Will keep my gun powder dry until after another couple of rate rises next year. How anyone can think Australia doesn't have a two speed economy is beyond me. Just go talk to your local shopping centre small business people, and see if they are saying the same as Marius Kloppers and Tom Albanese.
Winston, You sure you not reading my mind …??? ….lol…….Have to say you impressed me with your last couple of posts…… clearly your finger is on the pulse in my opinion ….
I agree with timing, I agree with keeping gun powder dry so to speak but on the other hand, for me at least losing momentum isn’t an option….. Such is the speculative cycle.
Yes I am in Brisbane. The slow down seems to have been more pronounced and early here than Syd, Cbr, Mel. Be interesting to see how things unfold in the next few months nationally.

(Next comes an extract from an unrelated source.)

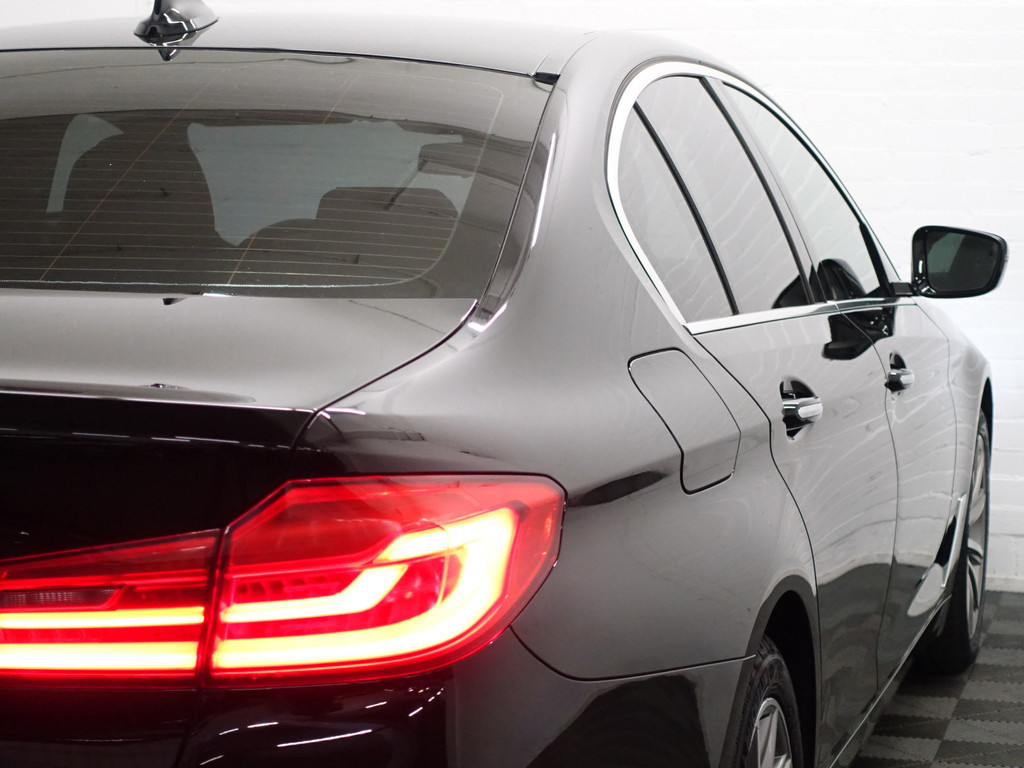 
BMW 5 Serie 520i High Executive Aut- Head Up, Nappa Leder Interieur, Xenon Led, Virtual Cockpit vol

WW i agree with you that the Brisbane market is softening although for someone who owns a property or 2 in the City it doesnt really worry me. I owe very little in relation to my portfolio so a few interest rate rises doesnt mean a great deal.
Rents came off the boil about 12-18 months ago and i think if you were highly geared you would be in all sorts of trouble.

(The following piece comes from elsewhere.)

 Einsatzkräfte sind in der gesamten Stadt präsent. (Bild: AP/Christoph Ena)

In saying all of this i am certainly seeing some excellent opportunities for development where developers / vendors are finding the pinch and offloading their sites at prices we saw 5-7 years ago.
I do agree however i think the opportunities will increase if you hang and wait your time with a few more rate increases.
Cheers
Yours in Finance
Richard Taylor | Australia's leading private lender
In saying all of this i am certainly seeing some excellent opportunities for development where developers / vendors are finding the pinch and offloading their sites at prices we saw 5-7 years ago ……. Looking to buy those … inner city…… keep us in the loop if you spot a bargain before or after a rate rise…………
I do agree however i think the opportunities will increase if you hang and wait your time with a few more rate increases.
Thanks Richard. Fast turnover will be the first thing we'll be looking at next year, maybe a quick corner lot boundary realignment and flick, uncomplicated by a slide. low risk low cost stuff. They seemed popular around Banyo, Zillmere, and Goodna over the last 18 mths. I've noted more recently LMR sites were being churned by small developers in Moorooka and Salisbury, but bidding was pretty healthy at the three auctions I attended.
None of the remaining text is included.